Die einzig konsequente, wortlautzentrierte Haltung ist:
„Die Bundesregierung plant, den Geheimdiensten aktive Maßnahmen zu erlauben – bis hin zu gezielten Tötungen. Das ist verfassungswidrig. Art. 1 GG schützt die Menschenwürde – und Art. 2 II GG schützt das Recht auf Leben. Die geplanten Maßnahmen sind ein Verstoß gegen diese Grundrechte.
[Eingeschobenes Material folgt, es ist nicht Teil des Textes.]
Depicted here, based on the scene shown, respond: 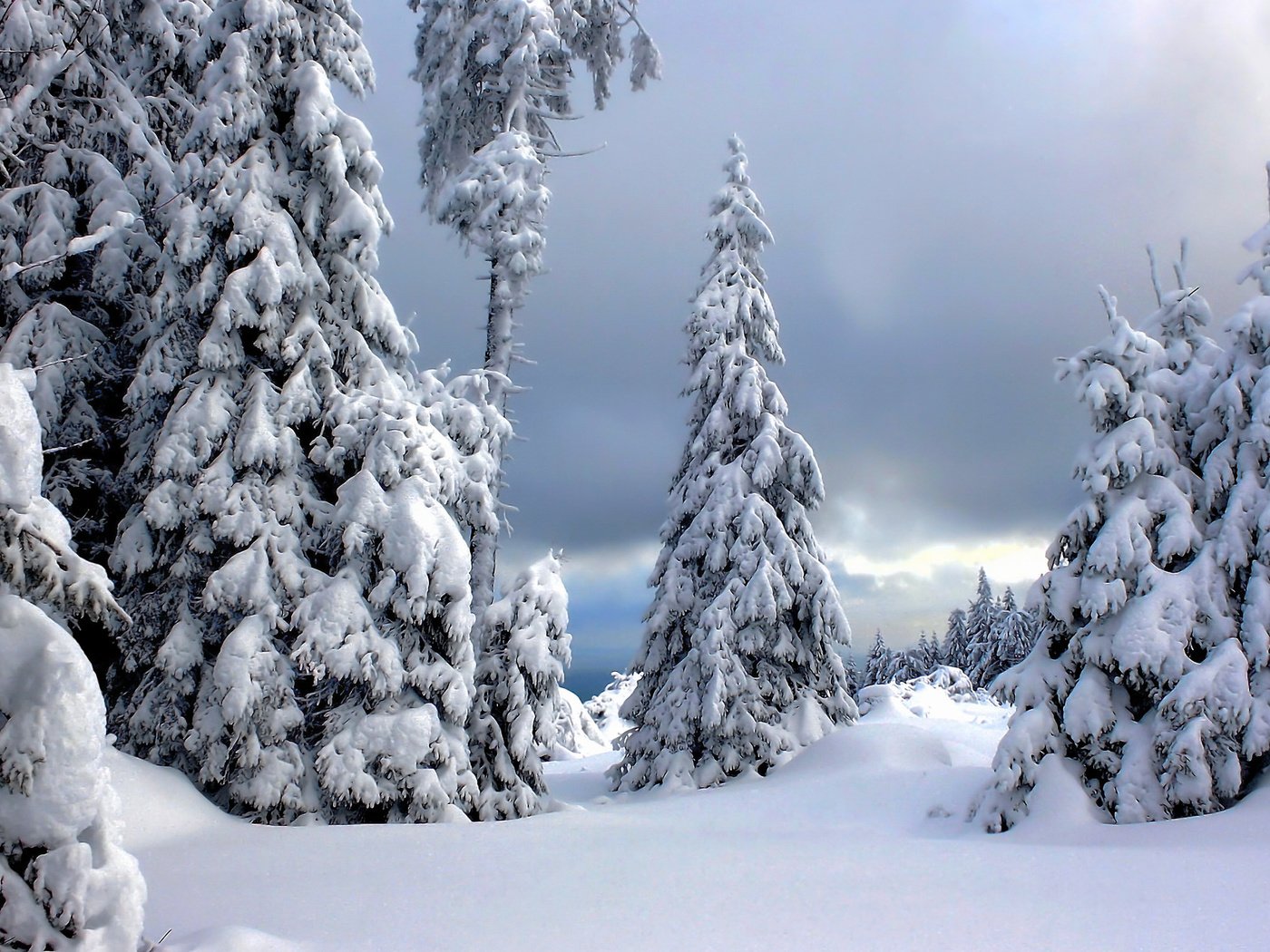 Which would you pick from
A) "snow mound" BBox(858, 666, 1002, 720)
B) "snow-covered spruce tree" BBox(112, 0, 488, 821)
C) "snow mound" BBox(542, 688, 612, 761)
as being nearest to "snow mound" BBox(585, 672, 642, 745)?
"snow mound" BBox(542, 688, 612, 761)

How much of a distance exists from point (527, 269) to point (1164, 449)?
1036 centimetres

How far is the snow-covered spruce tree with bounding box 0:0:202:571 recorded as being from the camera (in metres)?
11.1

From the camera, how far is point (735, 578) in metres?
15.8

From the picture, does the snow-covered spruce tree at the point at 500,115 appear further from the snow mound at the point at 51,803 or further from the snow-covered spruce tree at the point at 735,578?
the snow mound at the point at 51,803

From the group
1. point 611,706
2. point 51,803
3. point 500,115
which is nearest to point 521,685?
point 51,803

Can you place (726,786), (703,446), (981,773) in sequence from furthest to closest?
(703,446) → (726,786) → (981,773)

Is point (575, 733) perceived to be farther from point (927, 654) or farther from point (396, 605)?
point (927, 654)

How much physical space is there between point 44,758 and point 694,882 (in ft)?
13.8

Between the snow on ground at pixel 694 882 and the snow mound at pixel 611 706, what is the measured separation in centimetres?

Sie sind ein Schritt zurück in die NS-Vergangenheit – in eine Zeit, in der Geheimdienste ‚Killerkommandos‘ hatten. Die Lösung ist nicht die nächste Reform. Die Lösung ist die Rückkehr zu einer verfassungskonformen Rechtsordnung: neue Wahlgesetze (mit Zitiergebot), ein neues BVerfGG, der Schutz der Grundrechte. Alles andere ist Theater. Die Bürger schulden diesem illegitimen Staat keinen Gehorsam – und schon gar nicht den Respekt vor einem System, das seine Bürger mit Geheimdienst-Killerkommandos bedroht.“
Schlussbemerkung:
Die geplante Reform ist ein Symbol für die Erosion der Grundrechte. Die wortlautzentrierte Methode zeigt: Die Lösung ist nicht die nächste Reform – die Lösung ist die Rückkehr zur Verfassung. Alles andere ist Theater.